She has confidence in its enforcement: "It has more teeth than 2km law: there's the alcohol court, prohibition orders."
Council has "embraced CCTV in the CBD", with an immediate commitment of $100,000.
Again, a decision foisted on council, this time by angry lobbyists.
On dealing with urban drift, apart from chairing a research project (see last week's article on council plans) Ms Kilgariff points to council's partnership with the native title holder body, Lhere Artepe, which has yielded the cultural protocols on the do's and don'ts for visitors to Alice.
There's also the relationship between day patrol, council rangers and the police for river patrols.
"They're effective in moving people along, but people come back. It's like moving a rock uphill to keep the river free of campers."
And: "Programs like patrols in the riverbed are subject to the availability of staff."
Ongoing vacancies in the ranger workforce (two out of five, with negligible response to advertising) are the same as "the staff problems everybody has".
SKILLED "It's hard to get a skilled workforce, hard to compete with higher wages elsewhere."
What about recruiting Indigenous workers, what efforts are being made there?
"An integrated day patrol / warden patrol is being discussed as part of implementation strategy but the discussions are not well advanced."
Given that a joint ranger program was the second top priority for action of council's MOU with Tangentyere, signed in late 2000, the complacency tag seems fair here as well.
Ms Kilgariff continues to hold up council's good relationship with Tangentyere as some kind of reassurance.
"To get anything done you need to be on good speaking terms with Indigenous organisations. If you try to go it alone, you don't get anywhere."
But at the risk of being repetitive, where is the evidence of the good relationship having gotten somewhere?
Last year at the NAIDOC forum she suggested that Alice Springs would in future become an Indigenous town, prompting an outcry.

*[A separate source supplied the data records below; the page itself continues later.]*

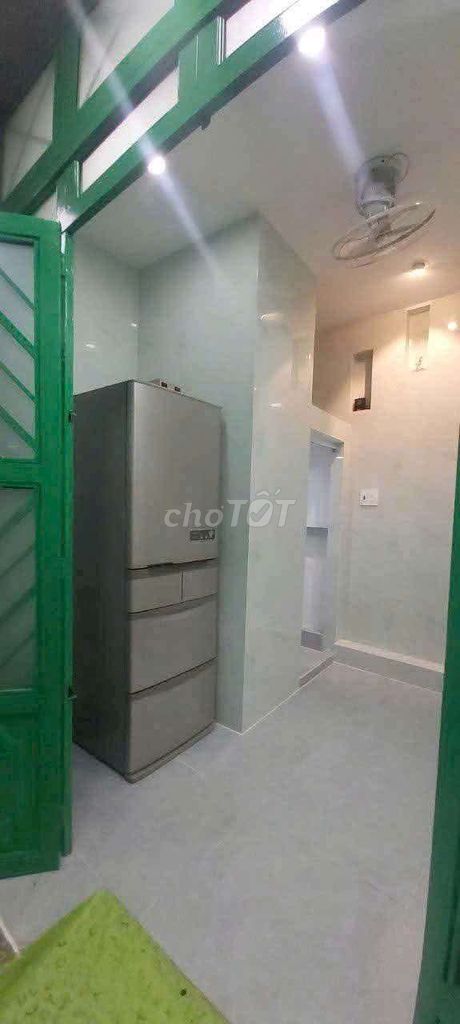 Renting Lý Chính Thắng, District 3, 2 sleeping burns, enough furniture, TLl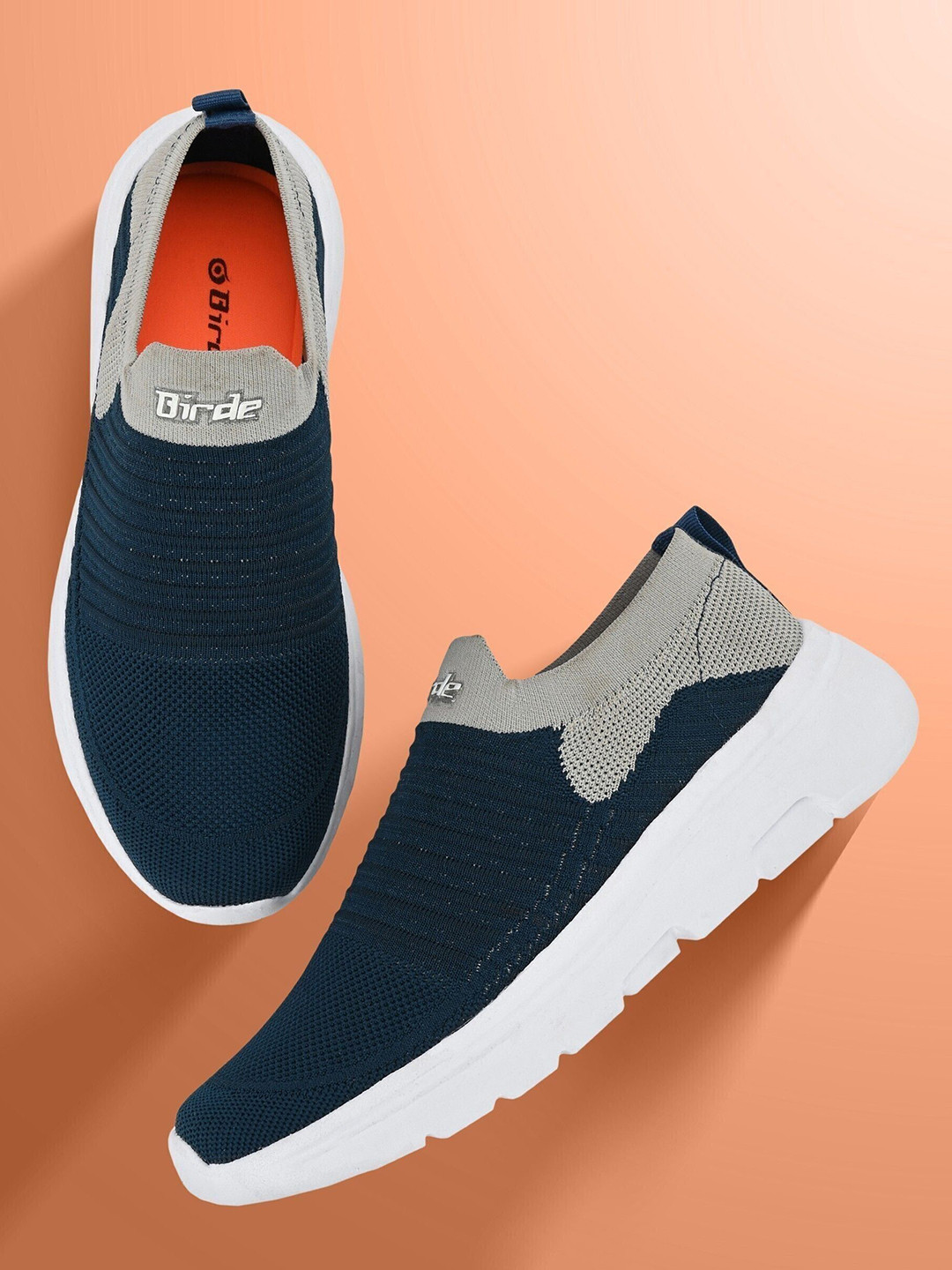BIRDE Textured Comfortable Velvet Slip-On Sneakers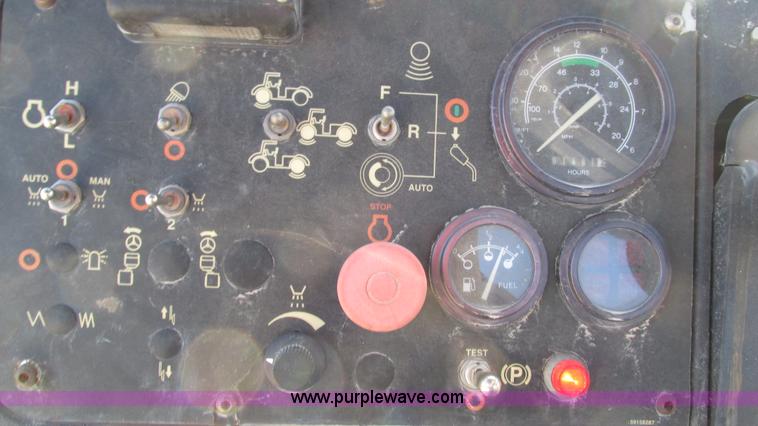 image for item K2004 2005 Ingersoll Rand DD70 vibratory smooth double drum roller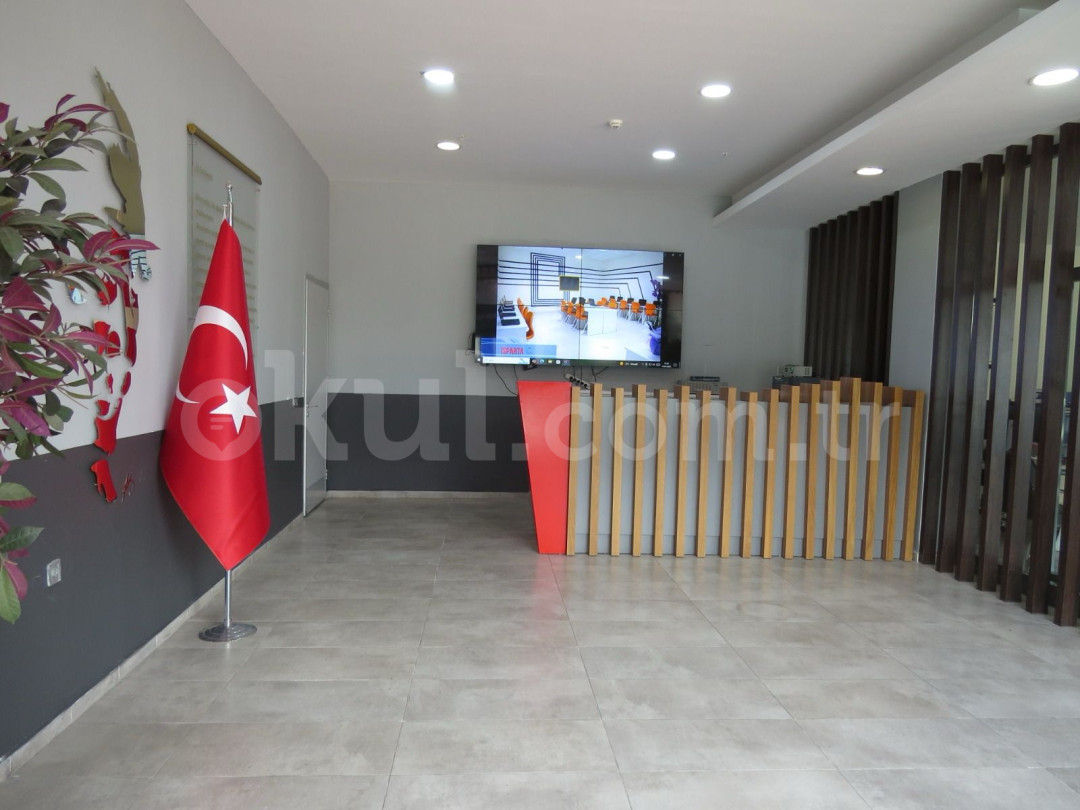 Özel Eryaman Düşünür Koleji Ortaokulu - 12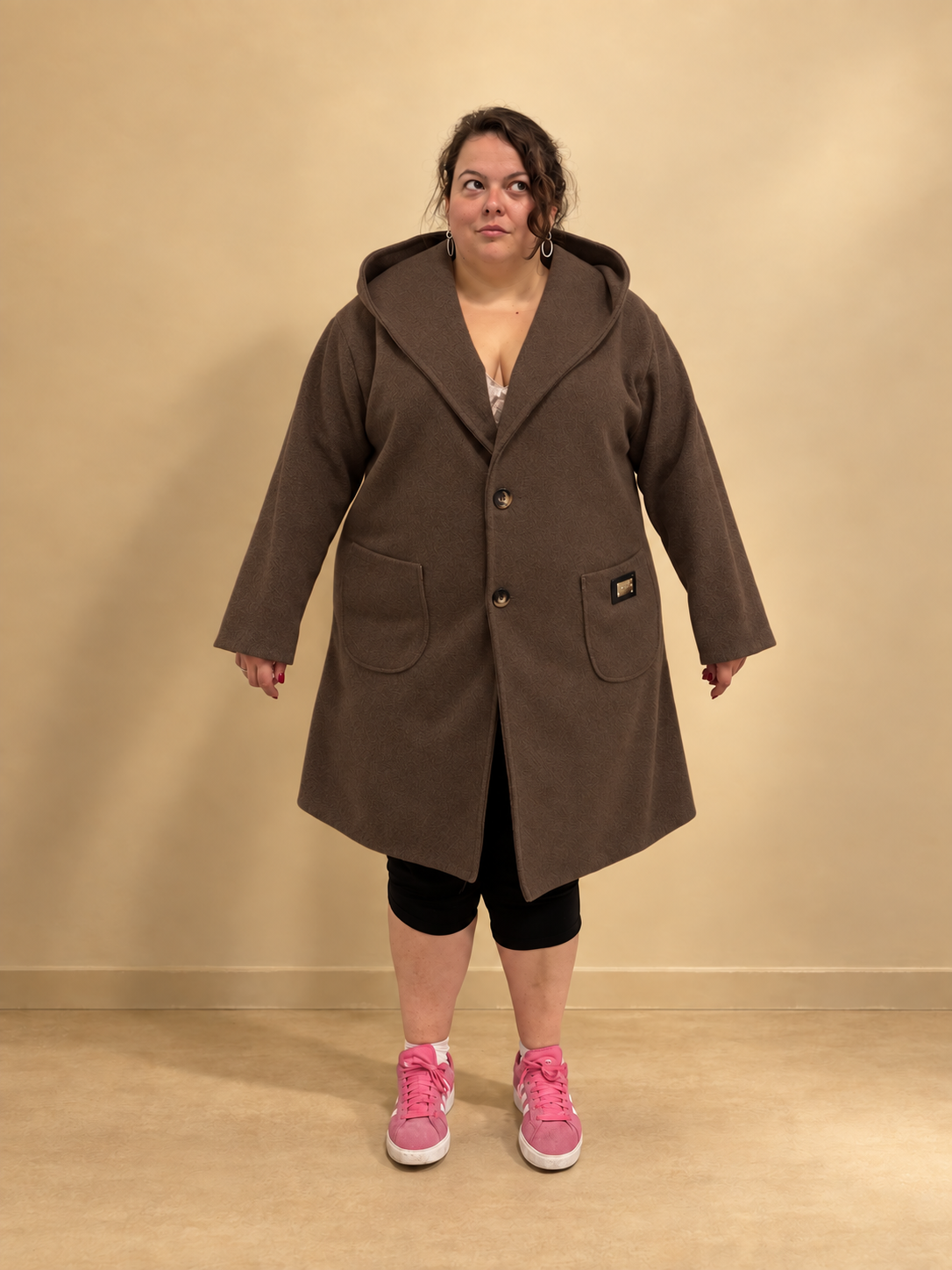 Manteau Gabin chocolat porté de face, pose alternative.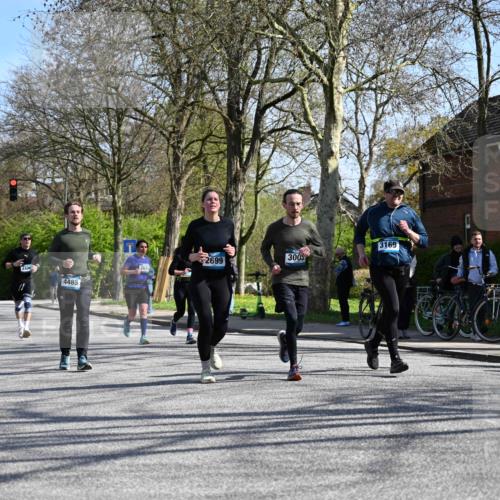 12.04.2026 - 45. Internationalen Wilhelmsburger Insellauf J. Mangold http://msf.ph/oto/9468252 12.04.2026 11:08:59 Ziel 4371, 3748, 3701, 2050, 4406, 3169, 2699, 3005, 5629, 2620, 2601, 4485, 3333, 2612, 3382, 4081, 3383, 2238 meine-sportfotos.de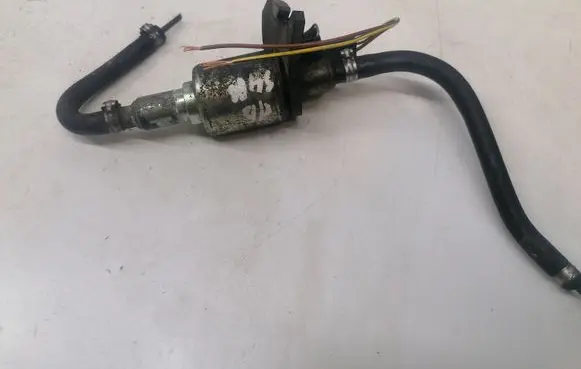 Mercedes-Benz S W220 Webasto auxiliary heater fuel pump A0099975281 92797A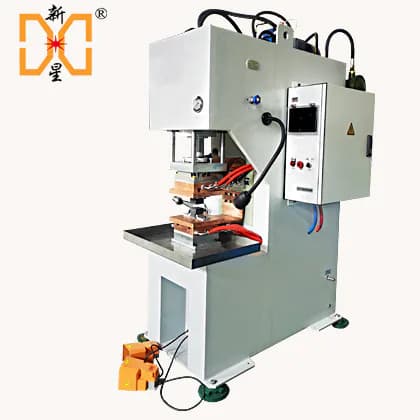 Adjustable bottom support for polymer diffusion welding machine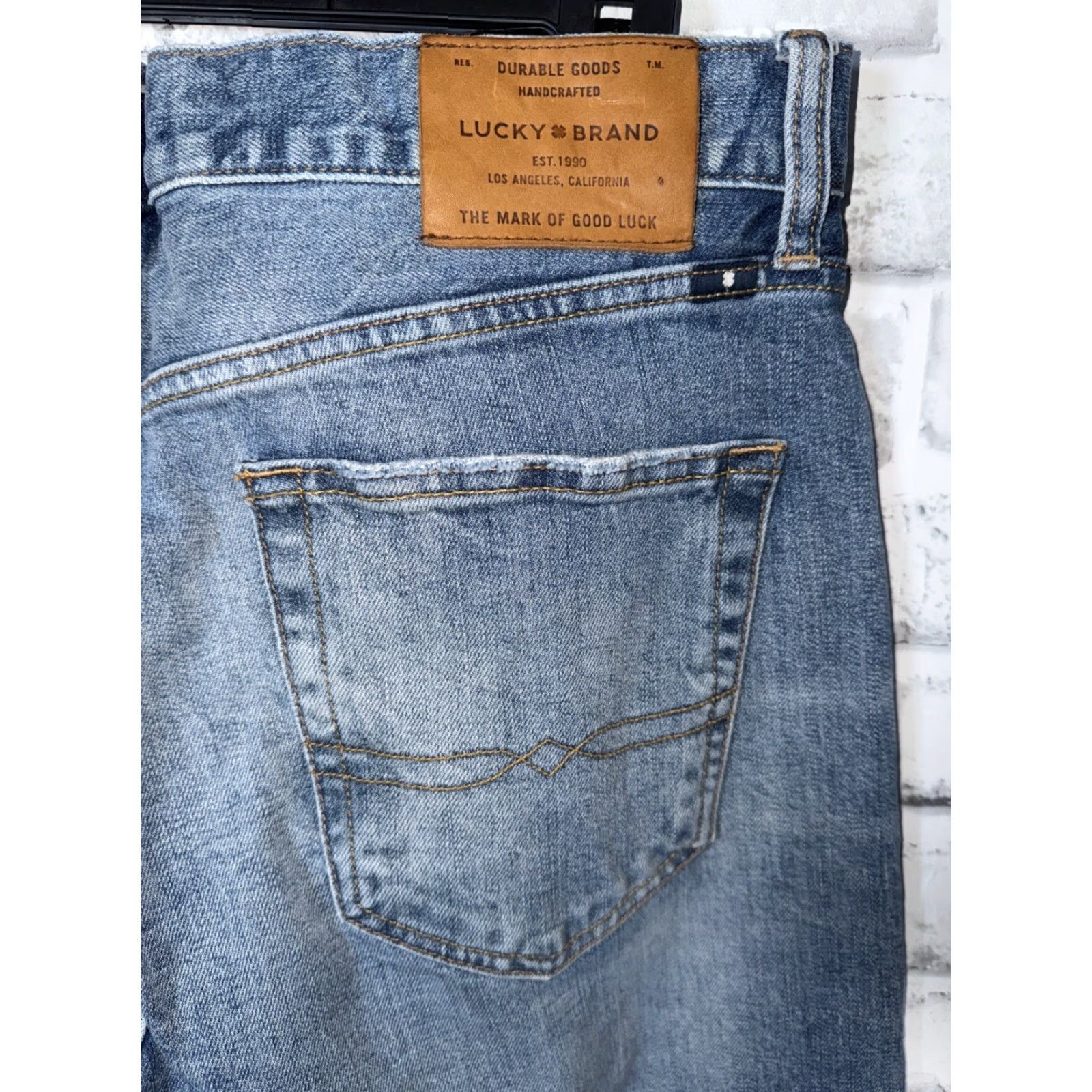 Lucky Brand Lucky Brand Jeans Mens 33x30 Blue Fade 363 Straight Naturally Distressed Size US 33 - 6 Thumbnail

The Alice News asked her to comment again on that picture of town:
"It's a matter of fact that the number and proportion of Aboriginal people in the town and across the Territory is rising.
"People in Alice Springs are apprehensive about anti-social behaviour, litter, drunks, they're afraid there'll be more of the same.
"It's the biggest economic issue we have: how to get Aboriginal children into schools, to become educated productive citizens. It's not necessarily a negative thing.
"Betty Pearce [senior native title holder] quoted a 1991 study, that the black dollar then made up for 30% of our economy. I suspect it is much bigger now even though many indivdiuals may not be productive."
Ms Kilgariff is heartened by the "high priority" the Education Department is giving to Indigenous education.
"Things are happening" Ð programs in the town camps; the Clontarf Academies, using football as a lure; the Polly Farmer Foundation out of school program mentoring Indigenous boys and girls "with a spark in their eye".
Says Ms Kilgariff: "Indigenous leaders need to take part in the life of the town, by running for a seat on the town council, for instance.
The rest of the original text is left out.